There were few people in the office today, mostly those who had to get a work plan done in time, a work plan I didn’t have to construct but in which my name appeared for interesting pieces of work. The reward for hanging in there is interesting work with people I like to work with.
A few more people now know about my predicament of the last few months and there is some incredulity. We are a big place and much is not visible to others. I am a squeaky wheel now and think I am being heard. Maybe after this someone else’s transition from the field is going to be easier.
We have all received our Thanksgiving cooking assignments from master chef Jim. For this reason I hastened home. Axel and I are responsible for the turkey basting, the wine, the mashed potatoes and at least one dish that is not a variant on brown/yellow/orange. We are pushing the limits and are doing not only the green beans with toasted almonds and ginger routine but also a new dish with Brussels sprouts in a Thai dressing that I picked up from the radio yesterday. It is a bit of a trust fall.
My specialty, pumpkin pie, I cooked for internal consumption when I got home. Four other pies were already claimed by others with whom we will share the Thanksgiving meal at Sita and Jim’s house.
We met up with Tessa and Steve at Al’s café in Manchester. The place is closing on January 1. I had never been there so I got in under the wire. The cafe is really a bar that has long since stopped serving food after the stove broke down. The interior is unadulterated 50s with nicotine stains of 60 years on the paneled walls, several TV screens with games going on, wobbly booth furniture without the booth, sticky vinyl and the only visible bathroom for guys only.
It is not really my kind of place but I get the nostalgia thing. It is the place where Axel took our daughters to when they turned 21 – a manly kind of initiation into the world of authorized drinking.

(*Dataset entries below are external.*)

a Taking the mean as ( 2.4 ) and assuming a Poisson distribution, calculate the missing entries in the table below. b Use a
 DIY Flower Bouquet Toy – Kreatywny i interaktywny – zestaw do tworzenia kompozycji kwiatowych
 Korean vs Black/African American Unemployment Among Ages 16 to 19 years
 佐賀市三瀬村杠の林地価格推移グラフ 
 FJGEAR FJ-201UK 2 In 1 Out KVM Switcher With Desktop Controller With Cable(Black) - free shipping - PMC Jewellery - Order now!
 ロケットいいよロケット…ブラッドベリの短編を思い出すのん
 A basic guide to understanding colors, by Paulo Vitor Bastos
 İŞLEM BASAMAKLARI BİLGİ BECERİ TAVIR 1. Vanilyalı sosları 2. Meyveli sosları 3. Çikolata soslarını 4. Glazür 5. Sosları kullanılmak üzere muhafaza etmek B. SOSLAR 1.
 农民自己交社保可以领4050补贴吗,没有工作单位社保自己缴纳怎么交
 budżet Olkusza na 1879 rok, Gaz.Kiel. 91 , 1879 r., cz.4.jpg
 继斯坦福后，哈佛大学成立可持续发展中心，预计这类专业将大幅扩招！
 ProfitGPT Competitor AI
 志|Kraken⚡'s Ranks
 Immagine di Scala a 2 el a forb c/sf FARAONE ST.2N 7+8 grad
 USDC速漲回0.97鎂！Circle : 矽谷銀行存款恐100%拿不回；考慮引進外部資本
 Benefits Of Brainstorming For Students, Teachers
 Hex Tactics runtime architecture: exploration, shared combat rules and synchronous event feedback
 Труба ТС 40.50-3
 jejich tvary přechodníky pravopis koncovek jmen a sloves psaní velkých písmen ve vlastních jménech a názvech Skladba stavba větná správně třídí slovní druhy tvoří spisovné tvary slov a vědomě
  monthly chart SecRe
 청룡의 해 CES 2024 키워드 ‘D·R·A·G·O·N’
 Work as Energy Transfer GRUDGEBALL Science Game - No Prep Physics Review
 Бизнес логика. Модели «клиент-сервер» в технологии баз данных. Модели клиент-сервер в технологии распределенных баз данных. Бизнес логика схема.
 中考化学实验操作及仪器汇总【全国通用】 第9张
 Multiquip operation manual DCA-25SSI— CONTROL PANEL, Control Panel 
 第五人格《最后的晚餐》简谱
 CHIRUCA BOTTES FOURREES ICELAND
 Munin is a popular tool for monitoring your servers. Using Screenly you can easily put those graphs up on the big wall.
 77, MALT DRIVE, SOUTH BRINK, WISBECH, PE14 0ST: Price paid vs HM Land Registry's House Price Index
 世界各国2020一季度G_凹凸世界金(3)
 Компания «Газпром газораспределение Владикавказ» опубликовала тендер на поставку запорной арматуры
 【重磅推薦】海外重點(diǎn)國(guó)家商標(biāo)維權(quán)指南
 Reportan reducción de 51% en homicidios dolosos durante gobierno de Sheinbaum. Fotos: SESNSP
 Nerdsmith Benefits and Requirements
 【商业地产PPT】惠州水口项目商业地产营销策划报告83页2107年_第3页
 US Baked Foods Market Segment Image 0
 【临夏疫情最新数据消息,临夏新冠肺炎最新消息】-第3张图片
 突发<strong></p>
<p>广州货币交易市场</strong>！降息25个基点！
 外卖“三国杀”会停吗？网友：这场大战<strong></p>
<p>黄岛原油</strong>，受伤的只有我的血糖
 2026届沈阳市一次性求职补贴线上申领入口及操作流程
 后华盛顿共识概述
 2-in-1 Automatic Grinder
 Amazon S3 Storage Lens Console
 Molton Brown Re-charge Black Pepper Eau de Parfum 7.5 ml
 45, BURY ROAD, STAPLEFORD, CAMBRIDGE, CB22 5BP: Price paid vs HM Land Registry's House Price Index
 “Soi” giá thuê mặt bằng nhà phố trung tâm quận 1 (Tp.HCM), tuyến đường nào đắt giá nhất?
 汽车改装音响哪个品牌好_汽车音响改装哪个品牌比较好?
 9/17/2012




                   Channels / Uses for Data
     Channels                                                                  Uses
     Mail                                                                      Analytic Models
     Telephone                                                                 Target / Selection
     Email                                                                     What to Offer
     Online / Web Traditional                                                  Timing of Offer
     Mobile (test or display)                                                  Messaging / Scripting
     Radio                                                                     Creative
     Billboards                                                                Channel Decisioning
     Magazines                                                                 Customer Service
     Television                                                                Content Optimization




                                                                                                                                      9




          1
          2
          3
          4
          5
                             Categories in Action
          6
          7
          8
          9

According to one of the locals some rich people in town banded together and bought the place, just to get rid of the Budweiser sign in the window. The café will become a restaurant, a wine and tapas bar to be precise. Some people think it will be more fitting than a Budweiser place; others think something will be lost. Having never been there I had no opinion. Now I know something will indeed be lost. I didn’t mind the sign.
Back home we celebrated Oona’s first puppy birthday – she is a big dog and doesn’t look like a one year old until you ask her to do things that require serious mental processing. Unlike her older sister Chicha, Oona had no idea about how to unwrap a birthday present and quickly lost interest, letting Chicha complete the job.
For a while she teased her older sister with her new toy but lost interest. That toy was quickly dismantled when we were not supervising (the toy instructions, we discovered later, said that the toy was to be used under supervision only). Nevertheless Tessa will probably write an angry letter to the manufacturer, complaining about deceptive advertising. She likes those kinds of battles.